Robert Richter '52
Award-winning documentary film maker, named to the Global 500 Roll of Honor by the U.N. Environment Program

First I refer you and Reed to several documentaries on this subject that I have made over a number of years. If you have not seen the fliers about them let me know and I will mail them to you.

Now for my 50-word max response:

Some of many ways business can be socially responsible: minimize environmental and public health hazards of products, provide complete information about these hazards in language of user country, limit top salaries/benefits to not more than 10 times what lower paid workers receive (common practice in western Europe).

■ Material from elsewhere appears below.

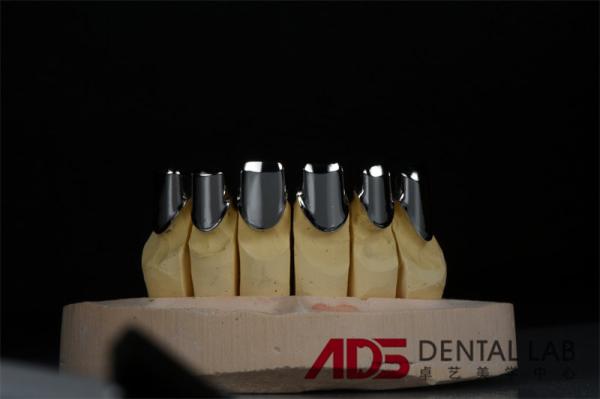Custom Metal precision Attachment Partial Denture Telescoper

More comments beyond the 50-word max:

Business can open or expand job opportunities in economically depressed areas, provide child care to employees, equal pay for equal work, bi-lingual job training to local unemployed. They can support community initiatives to improve social conditions of the community (educational, recreational, family resources). They can stop supporting soft money campaign contributions that have increasingly distorted the democratic processes. At their and their share holders' expense they can clean up the sites they have polluted. They can concentrate future development on products that are environmentally cleaner as well as profitable.

John S. Weber '78
The Leanne and George Roberts Curator of Education and Public Programs
San Francisco Museum of Modern Art

Living in the Bay Area, I can see a mind-boggling amount of wealth being "created" in the current, internet-driven digital economy. But that wealth needs to be shared, and I don't see that happening yet on the scale that is necessary. If the current boom doesn't benefit the whole society through funding for stronger public schools, affordable housing, workable transit systems, vibrant cultural resources, and jobs that pay living wages in all economic strata, we're not going to be in good shape, now or in the future. Right now we're heading toward a scenario of increasingly ruthless divisions between haves and have-nots in the United States and the world, and it isn't a pleasant prospect. Businesses need to realize that this scenario is really not in their longterm interest and start to do something about it.

Lafcadio Cortesi '84
Coordinator of the biodiversity campaign for Greenpeace Pacific and senior project officer for BSP Kendla, a project of US Aid
Definitely businesses should be run with a conscience toward social responsibility. To me what that means is that businesses don't wait for the marketplace to lead them into being socially responsible, but actually take a leadership role in both demonstrating and articulating how business can contribute to the improvement of society. I think the first step in that is to have a look at their activities and see what kind of impacts they do have and also go through a process of identifying what values, both they as a group and as a stakeholder in society, what values they feel need to be enhanced or nurtured in society, and that can often happen through dialog with other groups, and especially that they start to change the business philosophy so that their raison d'ˆtre is not solely maximization of profit, but in fact when they look at their bottom line, that they measure their success not only in terms in profit, but that they have started to mover toward their goals, so what happens is that businesses grow and support and demonstrate those goals. For example, it might be transparency-having information about how their business operates, and in doing that, they also provide a way to asses how purchases and so forth affect society, and start to take responsibility for those and start to make choices that move toward their goals. The key point is for this notion that businesses should not hide behind the excuse of waiting until the market dictates they go in a certain direction. I'm very keen on building community, buying locally, environmental values, and trying to make sure that a business does not destroy the environment. Another one is how they deal with their business partners, and looking at in their interventions or in their activities how they can make sure that the things that they do are not undermining the capacity of a group of people living in a particular place to work together to live together in a way that is caring, nit just for themselves, but for the wider group, and take ownership and responsibility.